If youre a "bit brassic" to set up their tank properly then surely youre a bit brassic to be getting some more!
Please STOP and set up their tank properly before even considering getting anymore. You shouldnt have bought them if you hadnt got a viv sorted and by you keep adding bit by bit daily it will stress them out no end. Considering you only got them on sat they need time to acclimatise without their environment being constanly changed as they will not settle, which is the reason why ur asking in the other post about them being shy.
Sorry to be blunt but its for the sake of the frogs.


----------



## knighty (Feb 27, 2008)

have to agree with mad4frogs here, if you couldnt afford to set the viv up properley then you should of waited till you had enough to do so. just think the money you spent on the frogs could of gone towards the plants and stuff for the viv. dont mean to sound harsh but you should always make sure you can afford to set up the viv surficiantly and buy any foods or supplyments BEFORE you buy the live stock.


----------



## tuckerboy (Jul 1, 2008)

hi. IMO, you should of set them up in a tempary RUB or something.somewhere that they would be happy enough for the meantime and not get disturbed.
then you could of set up a propper viv, and allowed plants to root and grow before adding the frogs.

ive used native mosses in my dart vivs, but they need time to establish before the frogs go crawling all over them..also they need to be kept very damp.
the trouble with adding native mosses to your already populated dart viv, is that you come accross the risk of adding parasites and desease to your frogs.


----------



## knighty (Feb 27, 2008)

RUB would of worked, but would it not of been easyer to put a deposit on the frogs, then get viv set up rather than keep moving them about.......


----------



## mad4frogs (Aug 8, 2006)

yes... cause if its the bloke I think it is who sold em to him, well, he lives quite close to him


----------



## Frogdude (Jun 28, 2008)

Mares tail can be found in most grassy areas that havent been treated with weedkiller. It looks like a long cylindrical fern, about half an inch thick with a pointed end. It'll grow in conditions from slightly damp to marginal aquatic and looks great. Spreads like wildfire too, and can be trimmed when it gets too big. If you've got a big tank horse tail is similar but grows up to 5 feet tall and is much more coarse. Ivy could also be used.

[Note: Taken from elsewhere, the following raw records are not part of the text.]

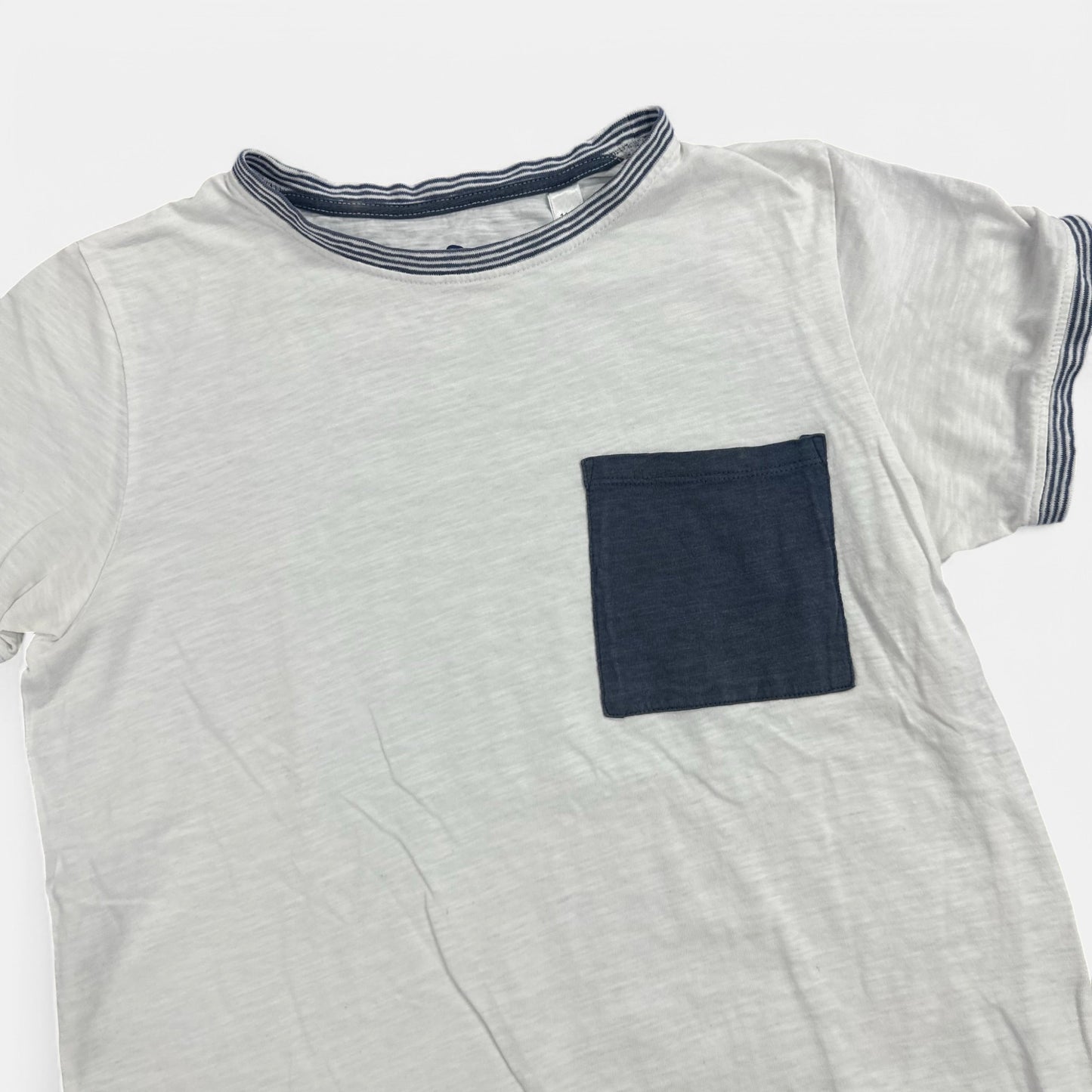 T-Shirt Okaïdi : 14 ans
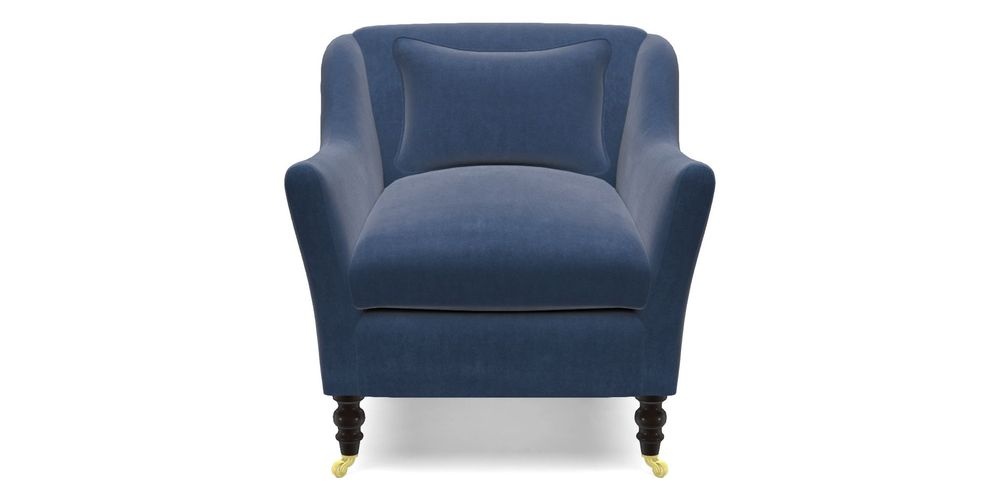 Bespoke Armchairs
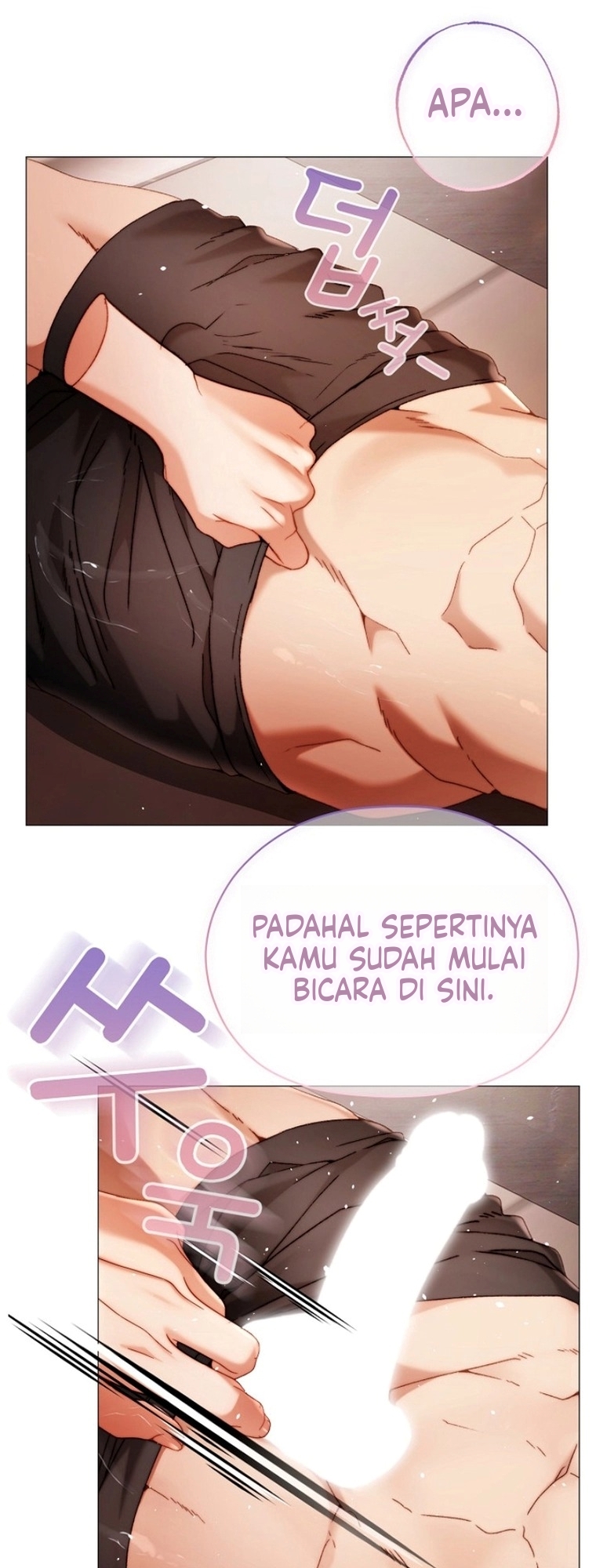 Halaman 6 dari 69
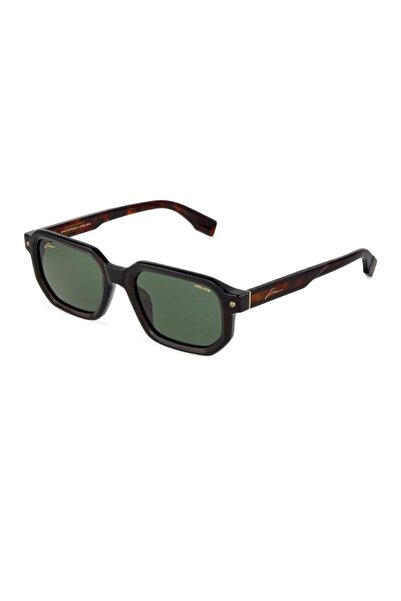 Police Splu82M530722 Men's Sunglasses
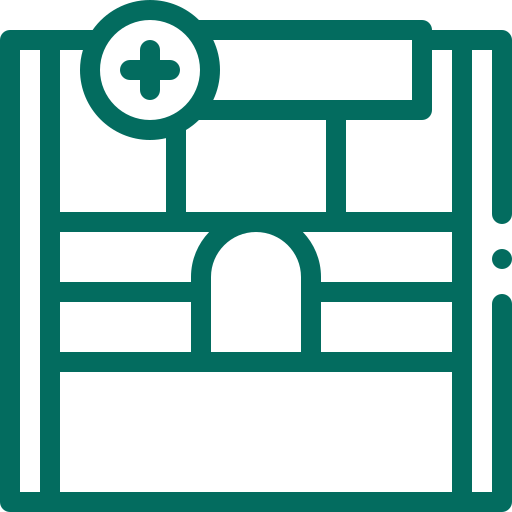 خدمات 4 031 pharmacy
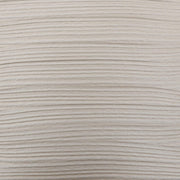 Standard Series Colores Acrílicos Tubo 250 ml Plata 800 AMSTERDAM CENTROARTESANO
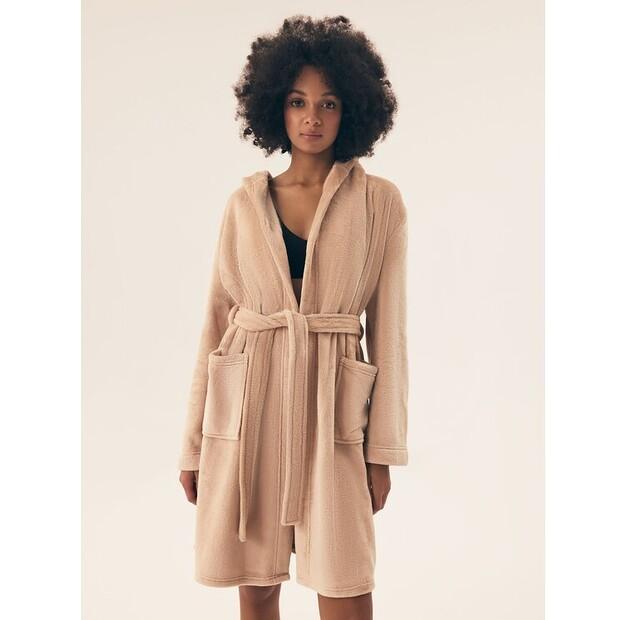 Халат Henderson 42877 EU XL_XXL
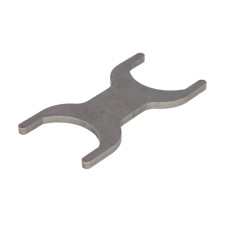 Kit reparare etrier Fata/Spate Dreapta/Stanga furca MERITOR B Duco C Duco D Duco LE Duco SBP MRK-034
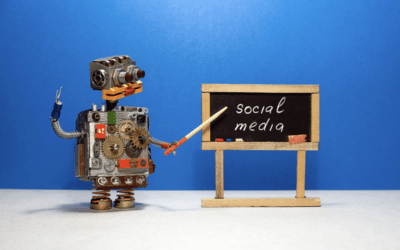3 Top Tips for your Active Video Content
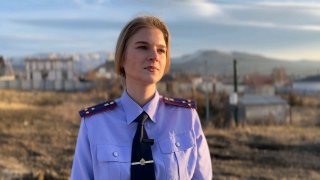 Жительница села Заречное заключена под стражу за убийство бывшего мужа в 2022 году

If you're short of money, buying seeds is cheaper than buying plants, and would be less dissruptive for the frogs. Any coleus species is good, and lawn chamomile makes a good ground covering. If you can find them, fern spores would be great!

I agree with what the others have said by the way, but there's no point repeating the same thing over and over. 

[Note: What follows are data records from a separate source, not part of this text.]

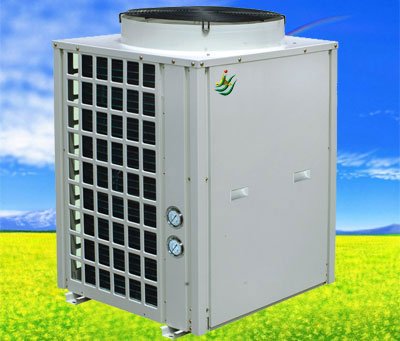 空气能热泵热水器,空气源热泵热水器,空气能热水器,空气源热水 3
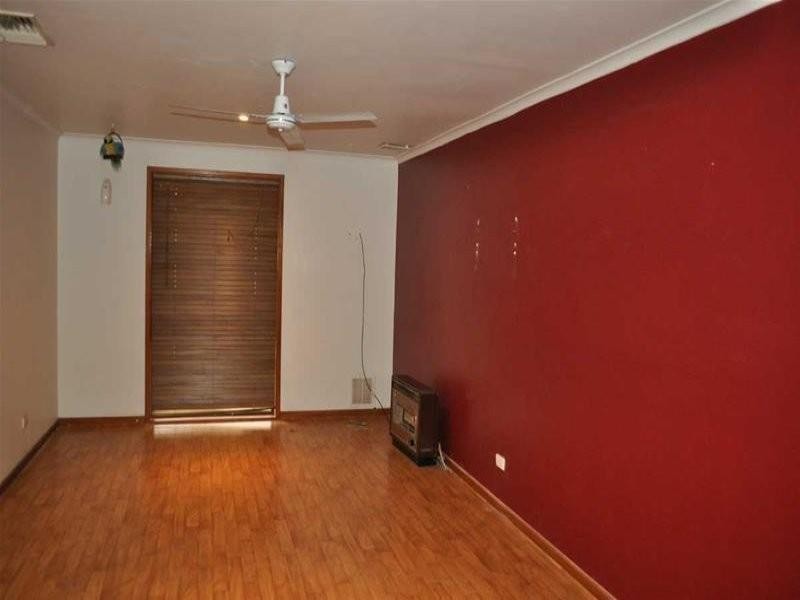 4 Lethbridge Court, Port Augusta West SA 5700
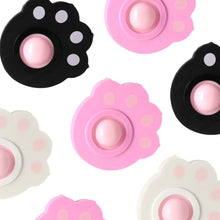 Loly Eraser Paw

If you want to pm me your address i'll send you some cuttings of scindapsis and philodendron, and a bromeliad pup or 2.

Rich


----------



## deaxone (Feb 25, 2008)

err think ppl are jumping to conclusions here,none of u know me,and u certainly after a couple of posts shudnt start jumping down ppls throats,
my tank had been set up prior to the perchase,and ive only added a couple of bits today,aprt from feeding thats the only disturbance theyve had,
theyve got plenty of hideing places,and i was asking ppls oppinions on how many would be ideal for that sized tank.
i asked if i could use native plants not ure oppinions on my financial sittuation,im not an idiot,of corse ive got money to feed and maintain my animals.
id like if i may(as annoying as ppls anal attitudes are) to get back to the post
if u cant post a question on a forum made for that perpose without so many blunt replys wot can u do?


----------



## deaxone (Feb 25, 2008)

Frogdude said:


> Mares tail can be found in most grassy areas that havent been treated with weedkiller. It looks like a long cylindrical fern, about half an inch thick with a pointed end. It'll grow in conditions from slightly damp to marginal aquatic and looks great. Spreads like wildfire too, and can be trimmed when it gets too big. If you've got a big tank horse tail is similar but grows up to 5 feet tall and is much more coarse. Ivy could also be used.
> 
> If you're short of money, buying seeds is cheaper than buying plants, and would be less dissruptive for the frogs. Any coleus species is good, and lawn chamomile makes a good ground covering. If you can find them, fern spores would be great!
> 
> ...


thanks m8 very helpful,the kind of reply i like.
as i say its pretty much done but a few plants will finish it off


----------



## Frogdude (Jun 28, 2008)

No probs. Have you checked out dendroworld.co.uk yet? It's a pretty good pdf specific site


----------



## deaxone (Feb 25, 2008)

yeah great site think im gonna set up a nice big false bottom one so this is sort of temparary,probly jst gonna add few potted plants for now so not to disturb em.
u shure u could send sum clippings?dont bother if its too much hassle,
thanks agen


----------



## Frogdude (Jun 28, 2008)

Teah, it's no problem.


----------



## mad4frogs (Aug 8, 2006)

sorry to have been so blunt but you shouldnt put a post up saying your cant really afford plants, yet you want more frogs at 40 quid each. just gets my goat thats all. If you had waited a while until your viv was established or at least finished then I think you may have had a better response thats all and would have been kinder to the frogs. Its not the fact that you may be skint or not or wether you have the money to feed the frogs, its purely the fact that you bought the frogs and are now asking about what should go in the viv ect when these things should have been ask before the purchase of the frogs.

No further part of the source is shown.